Task directions:
Make an exact copy, without pictures, of the lines below from the one containing "Lake Providence - Residential" to the last line, both ends included.

Supplied material:

%%

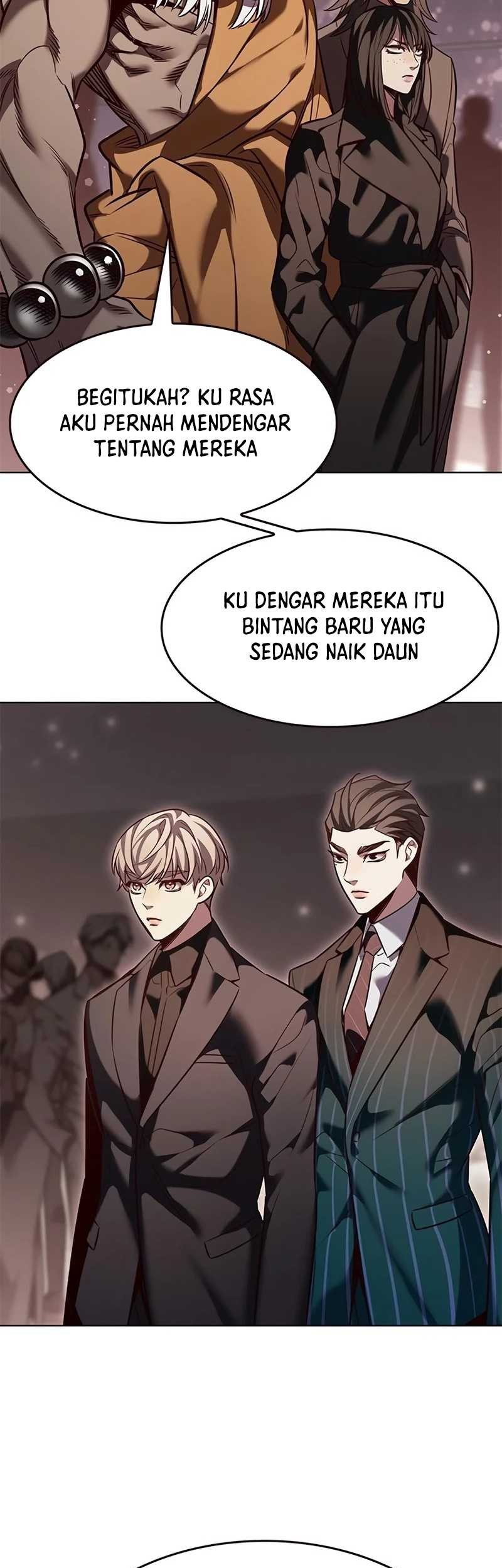 Eleceed Chapter 339 Gambar 50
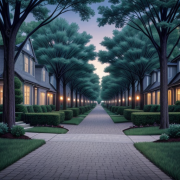 How Population Growth Influences Housing Demand in Surrey, BC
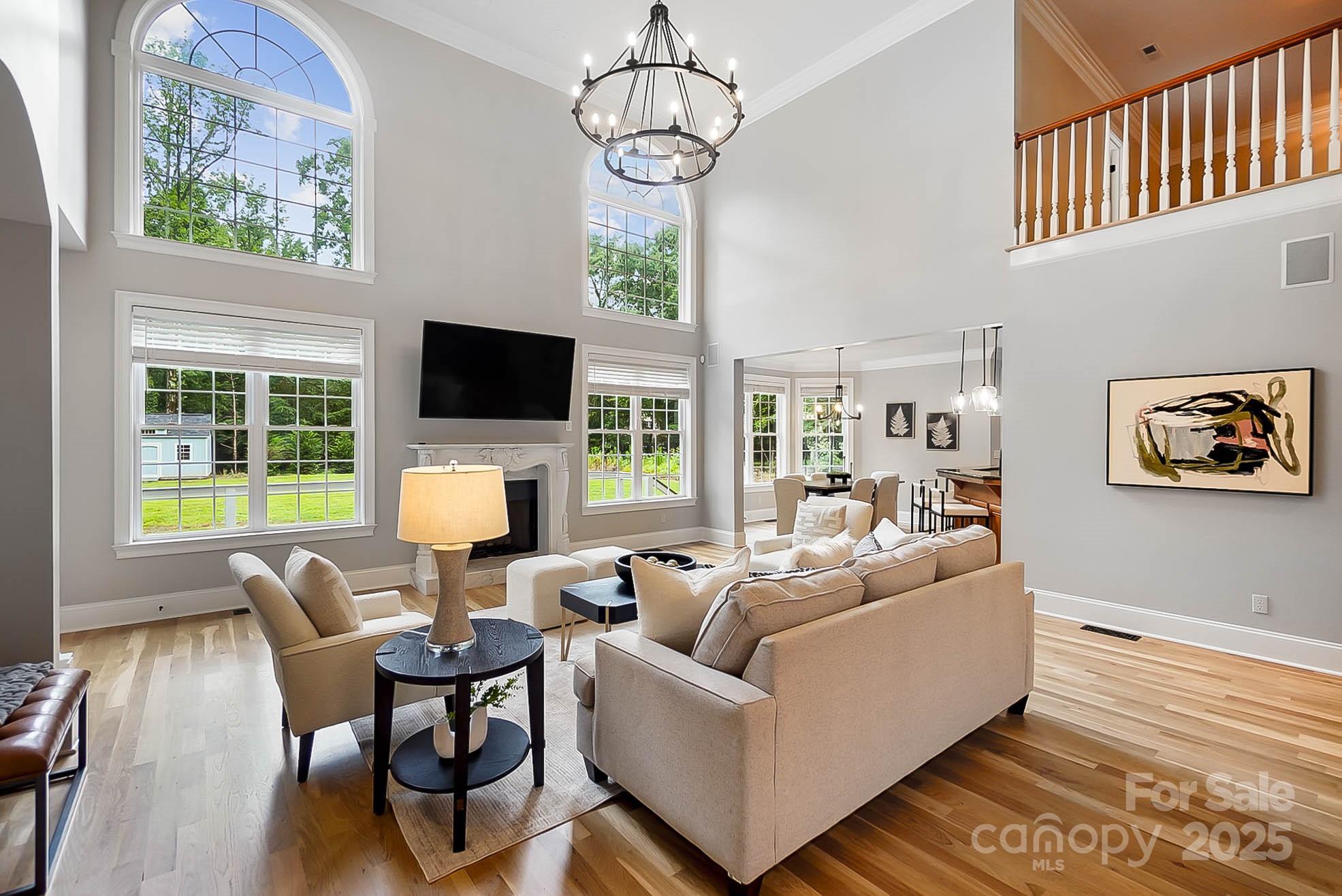 Lake Providence - Residential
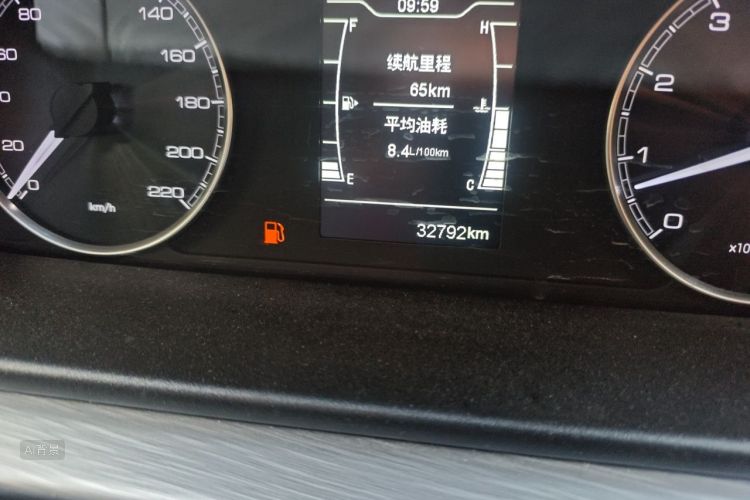 Chery Arrizo 5 2022 #14 Chery Arrizo 5 2022 car image #14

%%

Result:
 Lake Providence - Residential
 Chery Arrizo 5 2022 #14 Chery Arrizo 5 2022 car image #14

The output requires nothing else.